Quesada pasiega

12 lis 2009

Skoro nazwałam swój blog w języku hiszpańskim, wypadałoby piec hiszpańskie ciasta. Inauguruję więc cykl wypieków z tego wspaniałego kraju tym oto ciastem: Quesada Pasiega. Quesada to ciasto typowe dla regionu Cantabria, w którym spędziłam na pracy i wypoczynku całe lato 2007. Bardzo rośnie podczas pieczenia, by potem opaść i utworzyć charaterystyczne dziurki. Zapamiętałam hiszpańską quesadę jako bardzo, bardzo słodką, dlatego w moim wypieku zredukowałam dość znaczenie ilość cukru. Jest bardzo cynamonowa, lekko cytrusowa, dość zbita i ciężka, idealna na chłodne wieczory. Pyszna! Zapraszam!!

Quesada pasiega

Przepis pochodzi z tej strony: http://delicatessen-world.blogspot.com/2008/04/quesada-pasiega.html

  • 1 kg kremowego sera (w oryginale użyto hiszpańskiego queso fresco burgos, ja zastąpiłam go kremowym Presidentem)
  • 300 g cukru pudru (dałam 150 g)
  • 125 g mąki
  • 50 g brandy (pominęłam, nie lubię alkoholu w wypiekach)
  • 2 jajka
  • skórka otarta z cytryny
  • pół łyżeczki cynamonu
  • masło i cynamon do wysmarowania formy
  • cukier puder do dekoracji

Rozgrzać piekarnik do 180 stopni. Formę (użyłam tortownicy o średnicy 23 cm) wysmarować masłem i wysypać cynamonem.

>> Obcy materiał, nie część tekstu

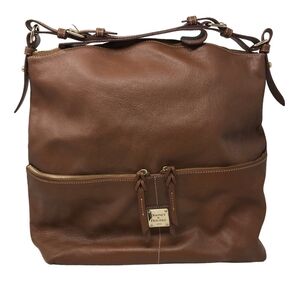 DOONEY & BOURKE DILLEN Brown Pebbled Leather Large Hobo Bag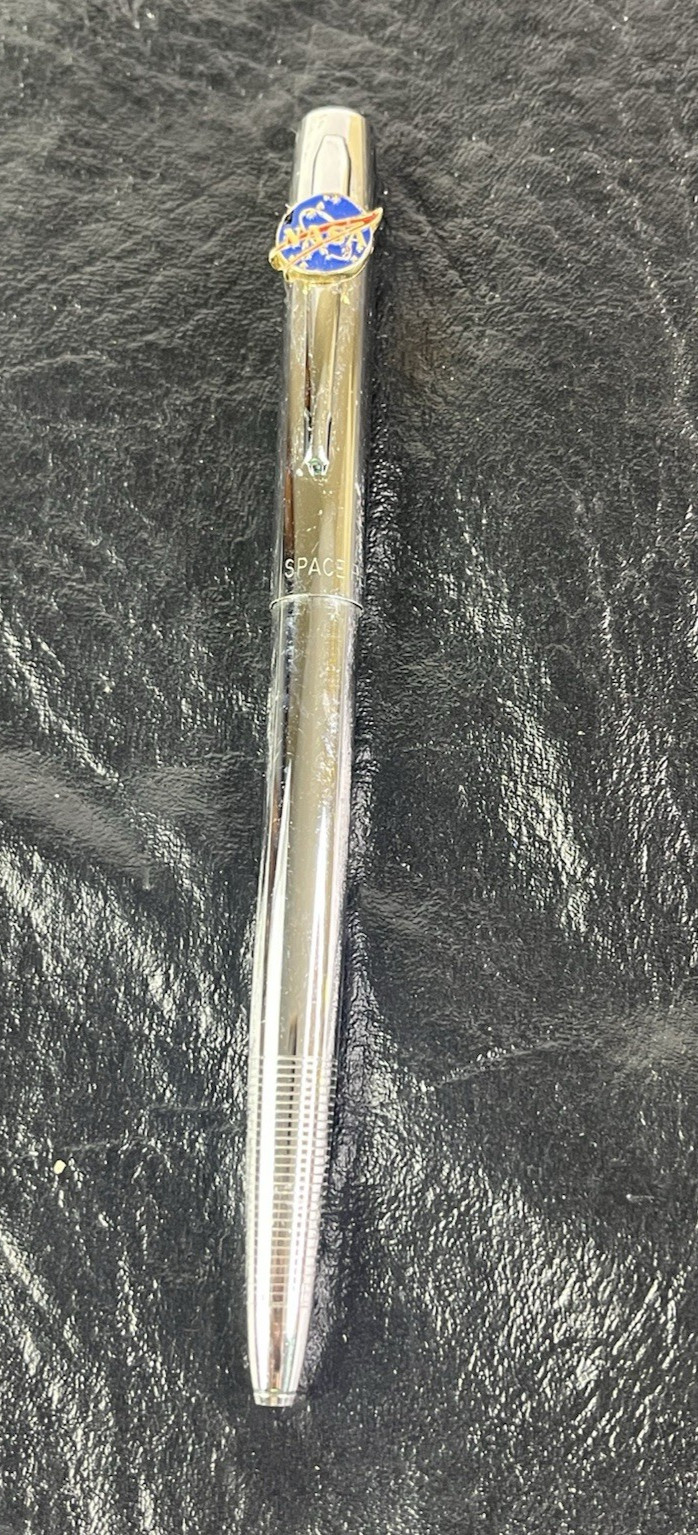 NASA Metal Pen Space Fan Silver Tone Click Clip Shirt Pocket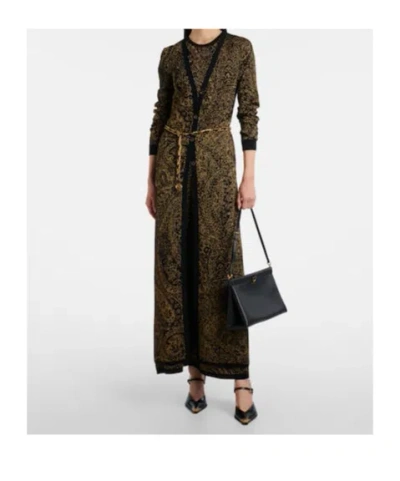 Etro Paisley Jacquard Lurex Thread Maxi Cardigan In Green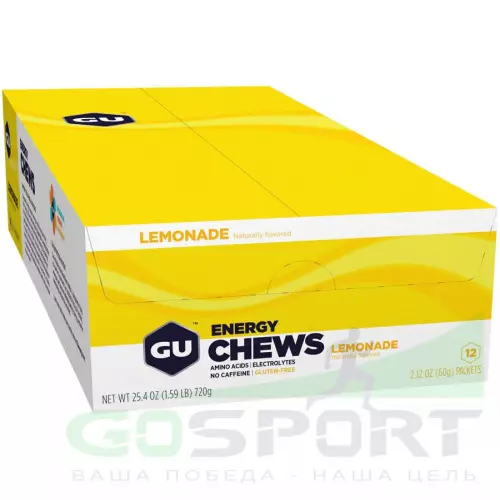  GU ENERGY Мармеладки GU Energy Chews 12 x 8 конфет, Лимонад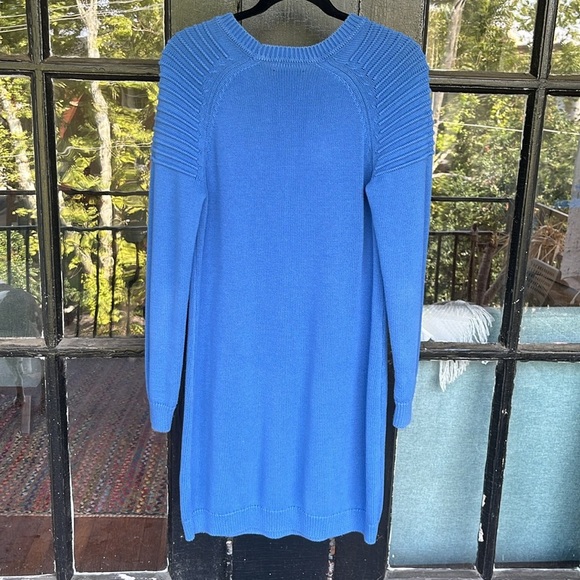 Eliza J Blue Textured Knit Long Sleeve Dress Size Medium - Picture 6 of 6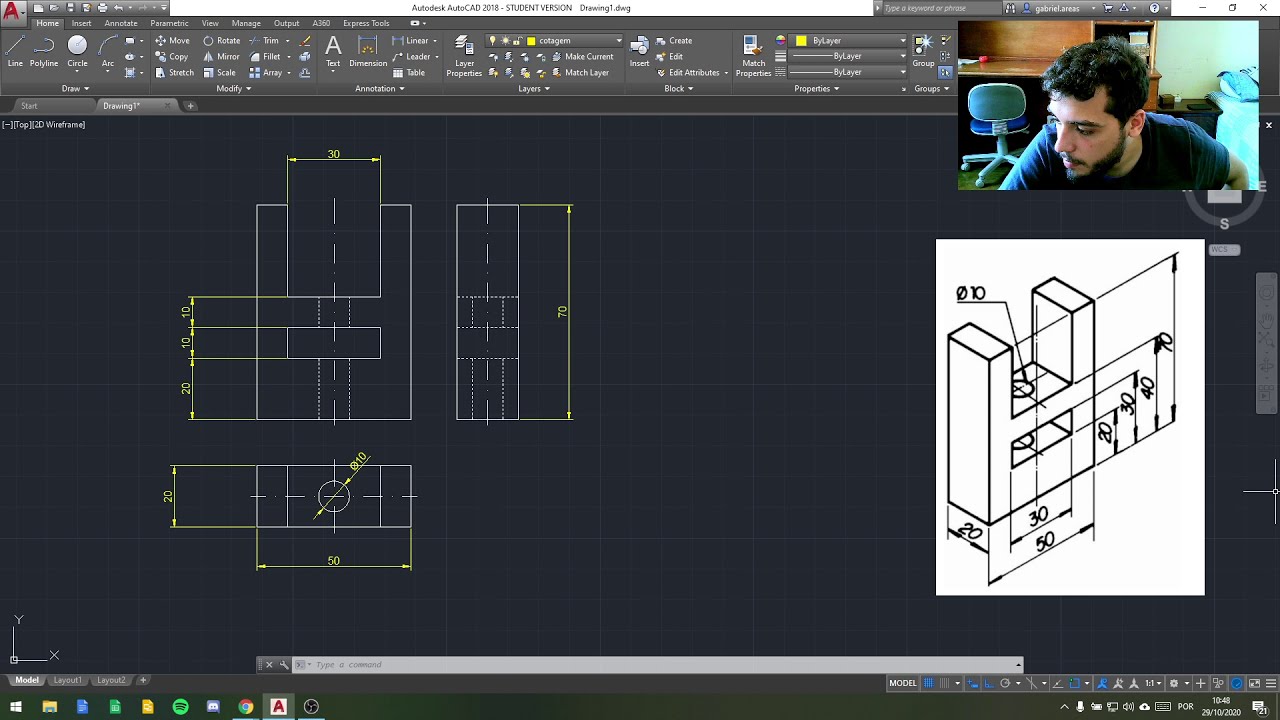 Exercício - Vistas Ortogonais e Cotagem (Programa AUTOCAD 2017)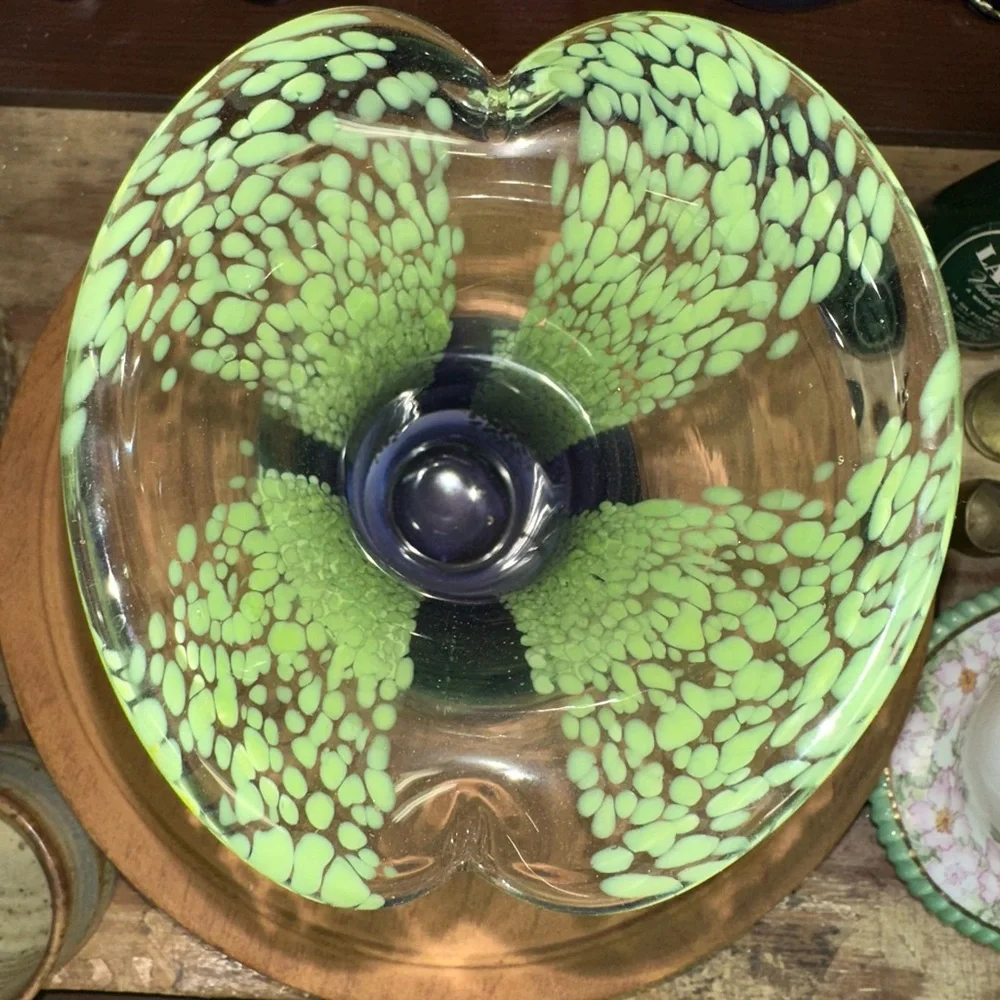 Teleflora Gift Hand Blown Mottled Green And Purple Glass‎ Vase Excellent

Zmiksować ser, brandy, jajka, skórkę cytrynową i cynamon aż do uzyskania jednolitej masy. Wtedy dodać cukier, miksować dalej. Wsypać przesianą mąkę i ponownie zmiksować. Wyłożyć masę do formy i piec około 50 minut, sprawdzić patyczkiem.

2 komentarze:

Anonimowy pisze...

Wyglada bardzo smakowicie ...
Pozdrawiam Kuchareczka
ww.kucharzytrzech.blog.onet.pl

Marta pisze...

I taka też jest! :) Również pozdrawiam.